Mike: Right. Amazon of course is the world's biggest--well, let's give credit where credit is due--it's the galaxy's biggest online retailer of books. It's got a Web site instead of bricks and mortar. In this year's first quarter it sold $87.5 million of books and lost $9.3 million. In fact, Amazon doesn't plan to turn a profit until 2001 at the earliest. So, hey, why be surprised that the stock has gained 650% in the last year? And now it's got a market capitalization bigger than its two nearest profitable competitors combined--Barnes & Noble and Borders.

Jim: Which is the perfect time to bring up the "greater fool" theory of investing--namely that it doesn't matter what you think a stock is worth, as long as there's a greater fool out there . . . .

Mike: . . . to take it off your hands. And you know what happens when you run out of fools.

Jim: Exactly. And I'm sick of hearing Wall Street types argue that you can justify these stocks' high prices on the grounds that the Internet demands new ways of thinking about value.

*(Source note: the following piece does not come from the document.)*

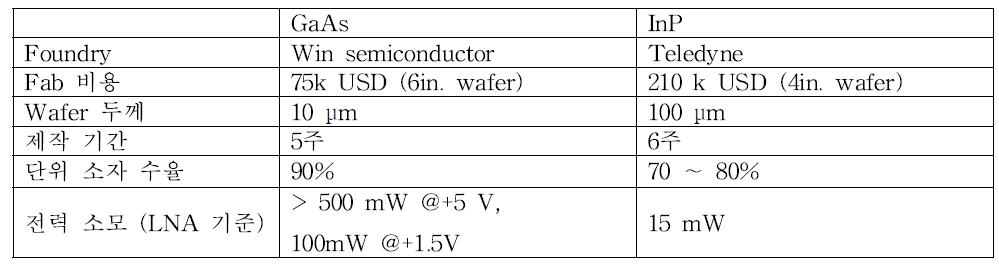 Comparison of manufacturing GaAs and InP MMIC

Mike: That's a classic dodge. In fact, now that "Seinfeld" is off the air, the funniest spectacle around is watching Wall Street analysts twist themselves into knots trying to rationalize the valuations of companies like Amazon.

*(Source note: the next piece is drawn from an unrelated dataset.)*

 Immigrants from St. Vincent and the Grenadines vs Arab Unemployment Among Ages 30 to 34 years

Jim: And to recommend the stocks when they know better.

Mike: I wouldn't get within 100 miles of this stock. Internet stocks are volatile because no one has any benchmark by which to judge the companies' business plans. So they can be $50 today and $90 tomorrow--and $20 the day after that. Exciting, yes, but nobody would mistake it for responsible investing.

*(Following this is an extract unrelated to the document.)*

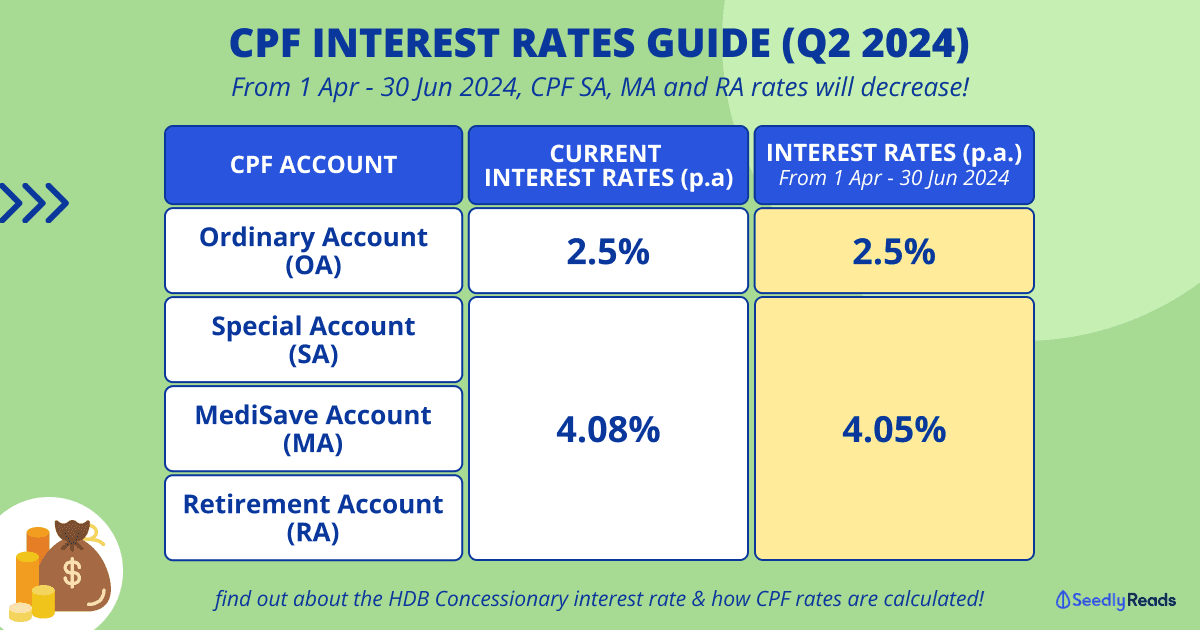 120324 CPF Interest Rates 2024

Jim: I'm sure some day-traders have made a killing with this stock's gyrations. But most of us can't sit around our PCs buying Amazon and selling it an hour later. We have lives. And Amazon isn't the next Microsoft. So if you own Amazon and you've made a few bucks, don't be greedy. Get out.

Mike: I'm amused by even the common rationalizations we've heard for why Amazon makes investment sense, even though it's got a P/E multiple of infinity. For instance, you'll hear analysts say that in this fast-moving retail setting, Amazon's got the "first mover" advantage. It's the first bookseller online. It's got brand-name recognition. It's got an account base of a couple of million people who have already bought books, out of a potential market of 60 million Internet users.

Jim: Isn't that worth something? Especially if Amazon--which has already moved into music as well--starts selling other things online?

Mike: Not on the Internet, it isn't. That argument has everything upside-down. It's based on the assumption that technology is so expensive that Amazon has left its competitors permanently in the dust. In reality, technology is cheap--especially compared with the chores of finding store locations, getting leases, redecorating, maintaining inventory and hiring 100 part-time workers.

Jim: Not to mention maintaining their coffee bars.

Mike: Just for laughs, I pulled up some figures on Barnes & Noble, which is the nation's biggest bookseller and Amazon's archrival. It's taken Barnes & Noble eight years to build up its network of nearly 500 "superstores." But it had its Web site up and running in less than a year, and this year that online service will produce $100 million in sales.

Jim: I'm beginning to think Barnes & Noble and Borders are the stocks to buy.

Mike: The problem with Internet stocks is that the barriers to entry are very low, which means Amazon will have lots of competitors in no time. And since it's not making money now, it's going to be on a treadmill--cutting costs and spending more on advertising to fight off its rivals.

Jim: And isn't it true that the book market is basically flat?

Mike: Yes--and a commodity market to boot. Amazon is a fabulous company, and I've bought quite a few books from them and never had a bad experience. But now I can get the same service from Barnes & Noble, and soon enough there will be two or three others doing the same thing. And all I'll care about is who will sell me the book for the cheapest price.

Know what else? One of these days we're going to wake up to discover some survey showing that--whoops--consumer Internet growth has suddenly slacked off.